Sure. Let's take a concrete example.

We consider the claim that the numbers 1.31, -6.27, 0.48, 0.23 come from a process that generates independent random numbers with a Gaussian N(0,1) distribution. What are our hypotheses? H is that the numbers are independently distributed N(0,1), ~H is that they are distributed according to a distribution that is something other than N(0,1). We can work out what P(O|H) is fairly easily, but what the heck is P(O|~H)?

(For simplicity, I'm going to ignore the point that the probability of any specific output from a Gaussian is always zero because the distribution is continuous, and assume you can insert the tedious technicalities for yourself. It's not relevant to the argument here.)

Should we consider, say, Gaussians with different means? How should we weight them? Consider the following argument: the mean can be any number from minus infinity to plus infinity, and almost all of the possibilities are unimaginably huge. The probability of the size of the mean being under 10^100 is infinitesimal. So what if we chose ~H to be the set of all possibilities N(m,1) with m uniformly weighted over the real numbers? Then P(O|~H) = 0. Expanding the possibilities for ~H (non-independent, non-Gaussian, non-random, ...) only makes things worse. We have no idea how to proceed.

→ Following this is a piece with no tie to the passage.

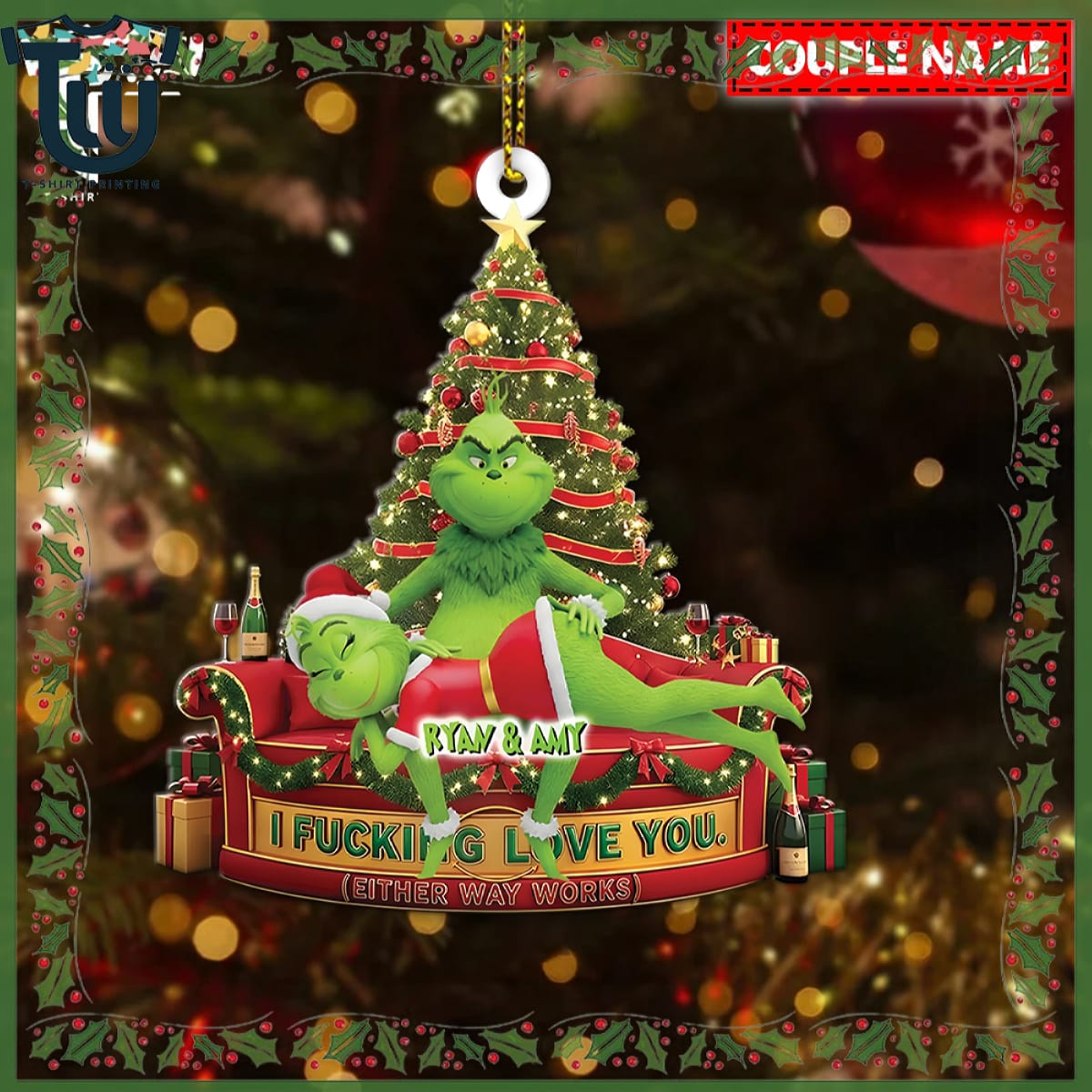 Personalized Green Monster Couple I Love You Either Way Works Christmas Ornament Personalized Green Monster Couple I Love You Either Way Works Christmas Ornament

Yet we would like to have some way of testing whether our given sequence is plausibly Gaussian N(0,1). In particular, we'd like to be able to say that the value -6.27 in the sequence is pretty unlikely under the assumption, and therefore there is considerable evidence against it being N(0,1). Granted, it's far more likely to be N(0,1) than something north of 10^100, but we can't help feeling that's somehow not a proper alternative to be considering.

What would we really conclude if we decide to reject H? We will presumably conclude that there's some pattern to the phenomenon - there aren't any real physical processes uniformly distributed over the reals - it's just unknown. And given that there is one, then the probability of the observations happening under the true mechanism is some much higher number, far bigger than the infinitesimal. After all, it just happened.

So now we come to one of those sticky philosophical questions: is the universe deterministic? Because if it is, then the internal details of the "random" process are themselves specified as part of the alternative hypothesis, and the probability of any outcome that actually happens is always 1. (This is perfectly OK in a Bayesian framework because probability is considered to be the result of ignorance rather than any fundamental physical indeterminism. How else could you talk about the "probability" of your opponent having an Ace when he can already see that he does?) A sufficiently detailed true hypothesis always exists where this is the case.

If our philosophy is that the universe is not deterministic, our justification is a little harder. The best I can offer is that we've just observed the given outcome in a sample size of 1, so it can't be too small. Our best estimate of the probability is that it is 1, with some margin of error. (i.e. If we observe k successes out of n samples, our best estimate of the probability is k/n.) The argument is a bit iffy, but it sort of works.

Or we can just say we don't know, anything we say will be wrong, and we pick 1 as a more convenient wrong number than the alternatives.

Some people do say that million-to-one shots come up nine times out of ten. Maybe they're more right than they know?


"Bayesians look for a large likelihood ratio,"

Personally, I prefer to use log-likelihood. It's more intuitive in information theory terms.